DARPA awards on JARVIS in Nov 2021
Charles River Analytics, along with its partners at Raytheon Technologies‘ Collins Aerospace business, has received a $6 million contract from the U.S. Air Force and the Defense Advanced Research Projects Agency for the development of a platform envisioned to combine human expertise and artificial intelligence, Charles River Analytics announced in November 2021. CRA said the team will work on a prototype Joint Adaptive, Robust Visualization and Interaction System for a joint USAF and DARPA program that focuses on cyber-physical systems design.
Cyber-physical systems design is extremely complex, involving dozes of domains, and requiring subject matter expertise from designers and engineers across many disciplines.
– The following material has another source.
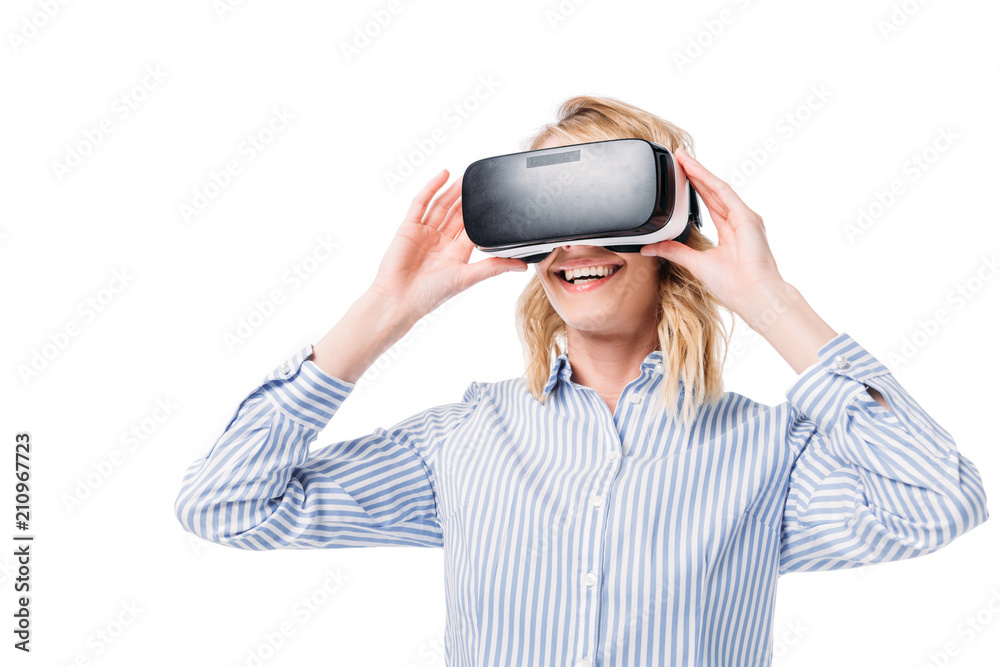 smiling attractive woman using virtual reality headset isolated on white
JARVIS has the potential to allow humans and machines to work collaboratively, mitigating the potential biases of human designers, while still incorporating human insights and creativity into the design process. Part of this vision is that designers will also be able to review and direct the activity of AI co-designers throughout the systems engineering lifecycle, providing critique and guiding design outcomes.
The Air Force and DARPA eye JARVIS to enable human operators to use their insights and creativity throughout the design process while AI algorithms help mitigate human designers’ potential biases.
JARVIS is being developed under the Symbiotic Design for Cyber Physical Systems (SDCPS) program. The goal of SDCPS is to enhance innovation in design through AI-based approaches that dramatically reduce the time from system inception to deployment (from years to months). The team plans for JARVIS to provide the bridge between that AI tech and human experts, and enable engineering teams to create highly performant military-relevant cyber-physical systems on unprecedented timelines.
“What’s interesting about JARVIS and the SDCPS program is that we’re not just using AI to exhaustively explore a design space; we’re also creating tools that help engineering teams discover and understand promising—but possibly very unconventional—AI design outcomes, injecting their own unique expertise to seed and refine these designs as part of a collaborative human-machine process,” said Dr. Ryan Kilgore, Director of Human-Centered Intelligence Systems and Principal Investigator on the JARVIS effort.